Bill wondered at the tone of her voice, was going to ask the question, but Tigh got there first. 

“Do you know?...I said do you know who it was?!” he said grabbing her arms and shaking her.

“No. I have no idea.” She said it quietly and with such conviction, Bill believed her, Tigh didn’t look so sure.

“Why give him the patterns? How does that save the fleet?”

“It doesn’t.  But it gives us a chance. John will leave Hera alone. We get the chance to rescue her. But you know as well as I do, that its unlikely that  we get out of this alive. He’ll destroy us. Then he’ll go after the fleet. Giving him the DNA profiles, letting him think they’re his to use as he will, It gives us a chance. It gives us bodies, empty hosts, to come back to for those who can make the transition. Not everyone will make it. There’ll be plenty to go around.”

“You’re insane. Why would you think I would ever agree to this. Even if I wanted to. Those profiles, that promise of life, they aren’t mine to give. People would have to know. They would have to give permission.”

“Insane? Maybe..but I’ve seen it Bill, I’ve seen the future. A future where there’s no difference between human and cylon, a future where through death we’ve transcended all the boundaries. It’s so peaceful. Happy, my children all happy. That’s all I’ve ever wanted. And you were so happy. She was alive Bill. Laura, will live through this, you’ll be together.”

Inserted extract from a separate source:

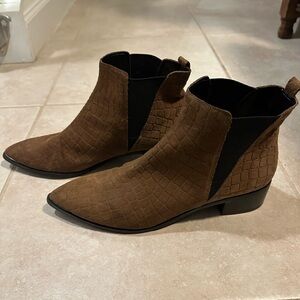 Marc Fisher Textured Brown Ankle Booties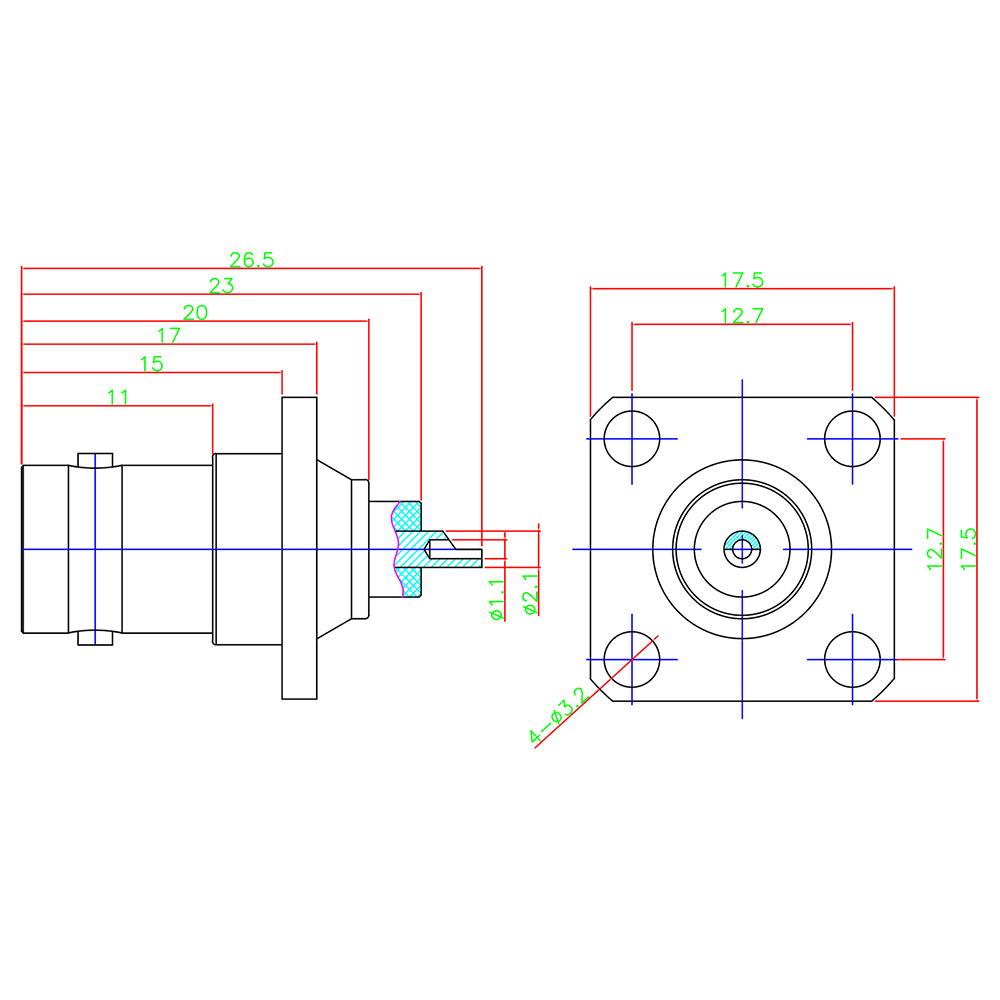BNC коннектор BNC-J угол сиденье 4 дыра электронный construction DIY предотвращение преступления мониторинг камера беспроводной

“Don’t. Don’t bring her into this. How dare you try and manipulate my father like that. Dangle the one thing he wants most in his face...”

“Why? What do you want Lee? Because I guarantee you, It’s there for you too.”

“Paradise. You’re offering paradise. As tempting as that is, we’ve heard it all before.” Bill replied embarrassed and already defeated. Whatever the consequences, it was an idea, at the very least it might buy them some time.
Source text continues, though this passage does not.